A report this week from the Government Accountability Office – Congress’ investigative arm – found that such schemes are up substantially since a 2010 GAO report on the issue. The data show an increase from 2009 to 2011, followed by a decrease in 2012; so far in 2013, the number of complaints suggest the year will see another increase, the GAO said.
The schemes are ways rip-off artists try to separate in-trouble homeowners from their money with promises of helping them prevent a foreclosure. In the words of the GAO:
Agency officials and representatives of nonprofits told GAO that the schemes had become increasingly complex, creating challenges for law enforcement. For example, schemes involving attorneys—which tend to involve greater losses—had become more common in recent years following a regulation that bans upfront fees, but provides an exception for attorneys.
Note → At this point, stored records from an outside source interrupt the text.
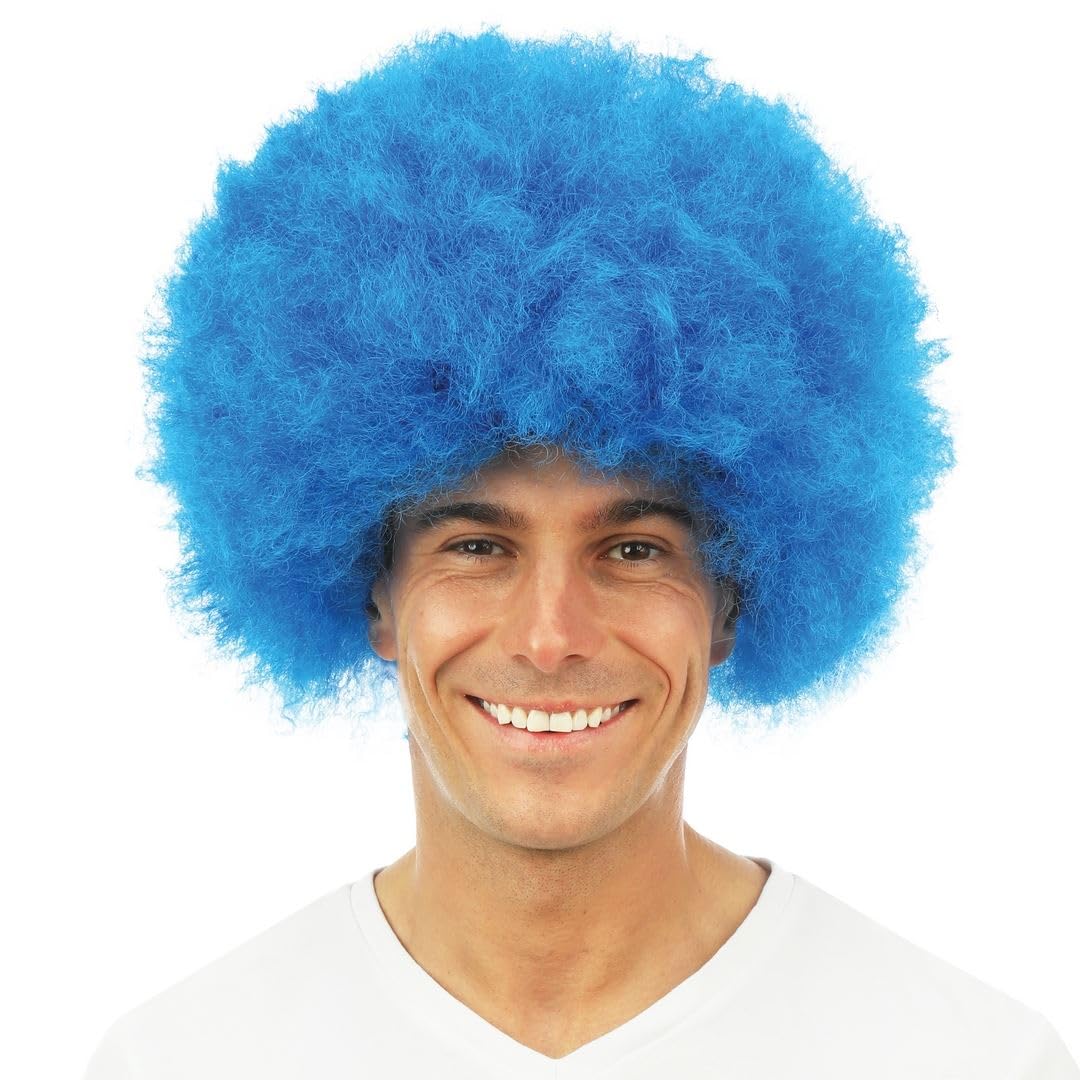P 'tit 64469 Willy – Afro Wig Clown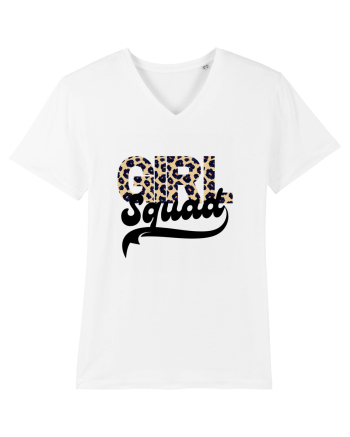 Girl Squad  White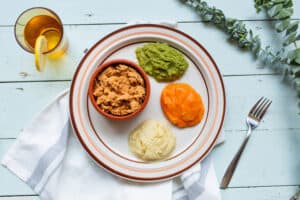 lamb (minced & moist) 1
These schemes present unique challenges because attorneys typically collect fees upfront and enforcement officials have difficulty trying to determine whether attorneys are providing legitimate services. Furthermore, officials and representatives of nonprofits also noted that some populations, including minorities and the elderly, continued to be targeted.
The report relied in part on data from the Federal Trade Commission’s Consumer Sentinel Network, an online database of millions of consumer complaints. While the data itself is available only to law enforcement to assist in monitoring and prosecuting crime, the network’s annual reports are available for all to see. Among the many startling conclusions from 2012 complaints alone:
Over 1 million were fraud-related. Consumers reported paying over $1.4 billion in those fraud complaints; the median amount paid was $535.